The Best Time to Visit Norway

The best time to visit Norway

The best time to visit Norway is during the summer months of May to September. In this time, the country is on average a little warmer and brighter. The Kingdom of Norway is found on the Scandinavian peninsula and near the Arctic Circle. Its location and climate has made it known across the world for being bright all day in midsummer and being dark all day during the winter. Norway is on the west of an extensive coastal strip of land, and there are hundreds of fjords dotting the coast along the North Sea and the North Atlantic Ocean. The Scandinavian Mountains, also known as the Skandens, run through the country and divide the country pretty much into two – east and west. Therefore, the climate in the east is a little different to that on the west coast. But, no matter which region you decide to travel to, summer is the best time to visit Norway. You should expect some different weather conditions in the east than you would find in the west. Below you’ll find information for the differences in climates in the east and west of Norway. For the climate tables, I’ve taken a look at Oslo, which is the Norwegian capital and is in the east, and also at Norway’s second largest city Bergen which is in west. In the climate table for these two cities, you’ll see the temperatures and weather you should expect on your holiday to either of these cities. I’ll also advise you on the best time to visit Norway. Of course, the best time to visit Norway does really depend on your preferences for your holiday. For example, one of the country’s main attractions is the Northern Lights. Autumn and winter is a better time to see these than in the summer. Learn more about the best time to visit Norway below.

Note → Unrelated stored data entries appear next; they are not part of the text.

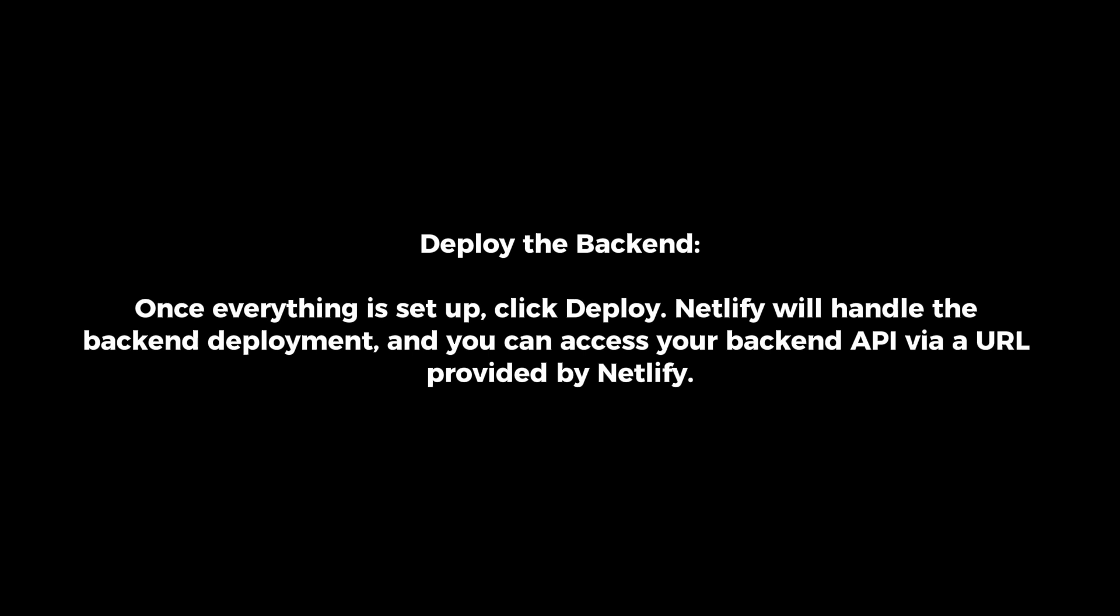Deploy the backend. Once everything is set up, click deploy. Netlify will handle the backend deployment and you can access your backend API via a URL provided by Netlify.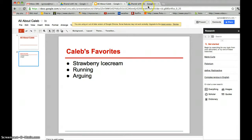This concludes our informative video on how to run Google Presentations. Thank you.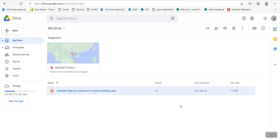First of all, I bring the file into Google Drive. I have a file called the Silla Hydrois solution for Vietnam building, which is my company presentation I used to present to the customer. But now the question is not only the presentation but also the data — I would like to put them together in Tableau.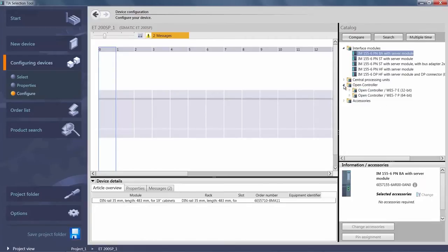The option open controller is available and we can select from the list of available open controller versions. These configurations will already include the CFAST card and all required SIMATIC licenses.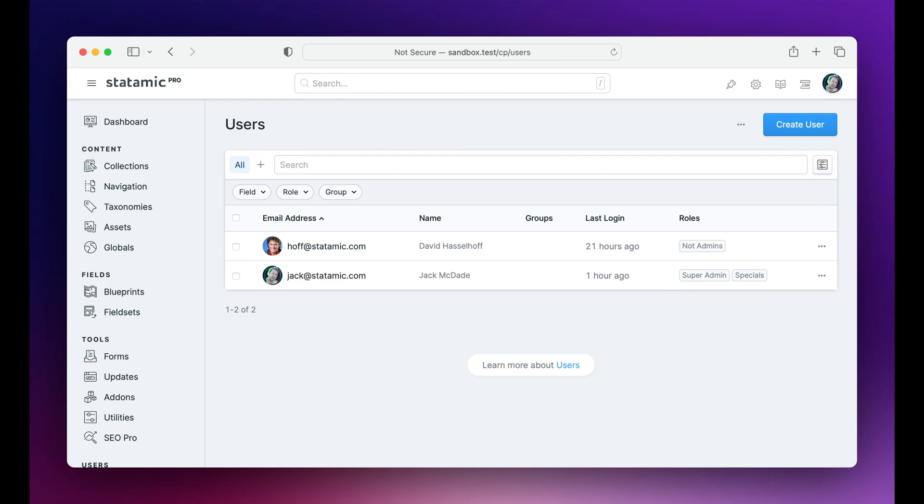Let's take a look at Statamic's new impersonation feature. If you've ever wanted to see the control panel through the eyes of one of your users, you've probably had to create a dummy user with the right roles and permissions, log out, log in as them, and then poke around the control panel.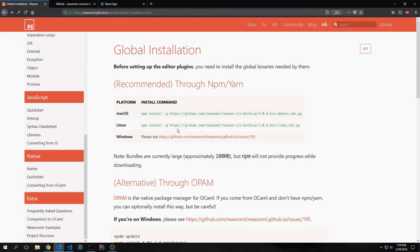Hi guys, my name is Tensor. Welcome to my Reason to-do app tutorial. Today we're going to be using ReasonML to build a to-do application.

The best time to visit – sorted by region and city


The best time to visit
Oslo May to September
Bergen June to September
Bodø June to September
Vardø June to September
Northern Lights February to March,  October
Winter sports November to  February

Norway’s National Day: Norway celebrates its Norwegian Constitution Day on the 17th of May – in all cities and towns you’ll find colourful processions, marching bands, and more flags than you can shake a stick at. If you can make it to Norway during this day, you won’t regret it!

Climate in Norway

There are two climate zones in Norway, which are affected by the Scanden Mountain Range. On the western side of the mountains there’s a humid climate. It’s mild and humid all year round here. East of the mountains, you’ll find a continental climate with warm summer months and cold winters. On the west coast, the North Atlantic current brings warm water from lower latitudes to the north. So, the temperatures here can be warmer on average than in the east of the country. As the climate data below shows, the rainfall in the mountains is much higher than in places to the east like Oslo. Temperatures are milder with 19°C in the warmest months of July and August, and then 3°C in January which is the coldest month. In the east, however, the daytime temperatures in January can fall to -2°C. Though in the summer, it can reach up to 22°C during July, which again is the warmest month.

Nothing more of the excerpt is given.